Source records: Begin
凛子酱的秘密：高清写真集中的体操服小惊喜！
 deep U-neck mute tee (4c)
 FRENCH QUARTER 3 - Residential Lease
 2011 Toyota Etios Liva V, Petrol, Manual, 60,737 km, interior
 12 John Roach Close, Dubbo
Source records: End
The expected response is every record, reproduced word for word.

凛子酱的秘密：高清写真集中的体操服小惊喜！
 deep U-neck mute tee (4c)
 FRENCH QUARTER 3 - Residential Lease
 2011 Toyota Etios Liva V, Petrol, Manual, 60,737 km, interior
 12 John Roach Close, Dubbo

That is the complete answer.